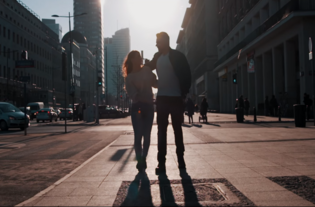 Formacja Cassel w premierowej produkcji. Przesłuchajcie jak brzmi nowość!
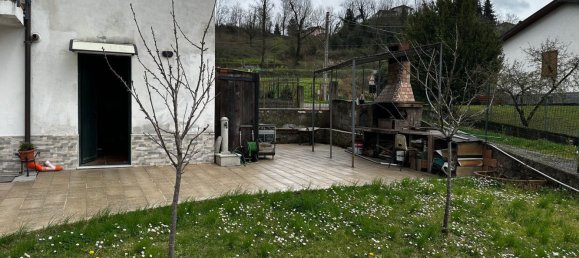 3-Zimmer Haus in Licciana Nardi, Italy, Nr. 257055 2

...

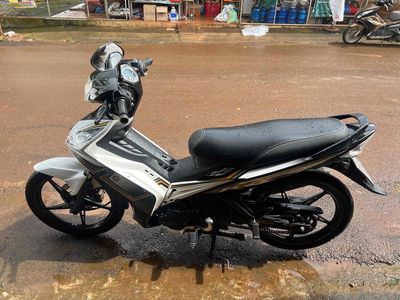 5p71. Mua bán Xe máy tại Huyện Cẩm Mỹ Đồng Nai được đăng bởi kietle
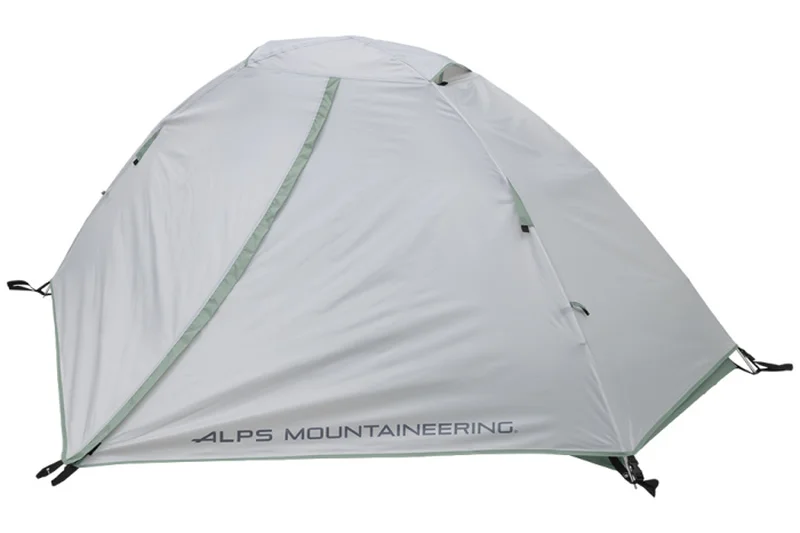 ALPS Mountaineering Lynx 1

--

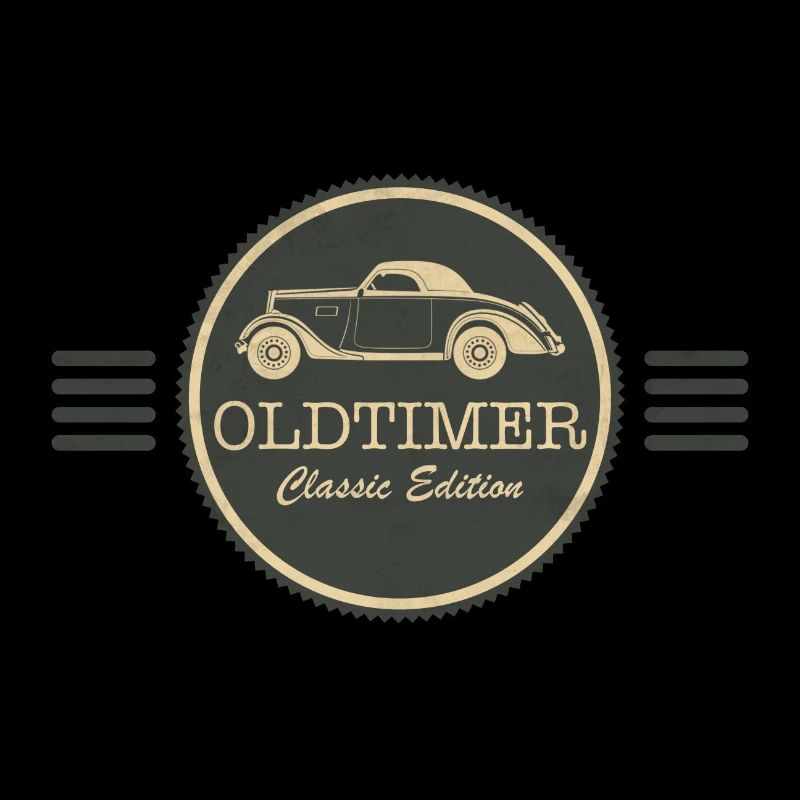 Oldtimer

## What you will do
What is needed is an exact copy of the lines above, from the one holding "Formacja Cassel w" down to the one holding "3-Zimmer Haus in", with those two included and the pictures left out.

## Answer
 Formacja Cassel w premierowej produkcji. Przesłuchajcie jak brzmi nowość!
 3-Zimmer Haus in Licciana Nardi, Italy, Nr. 257055 2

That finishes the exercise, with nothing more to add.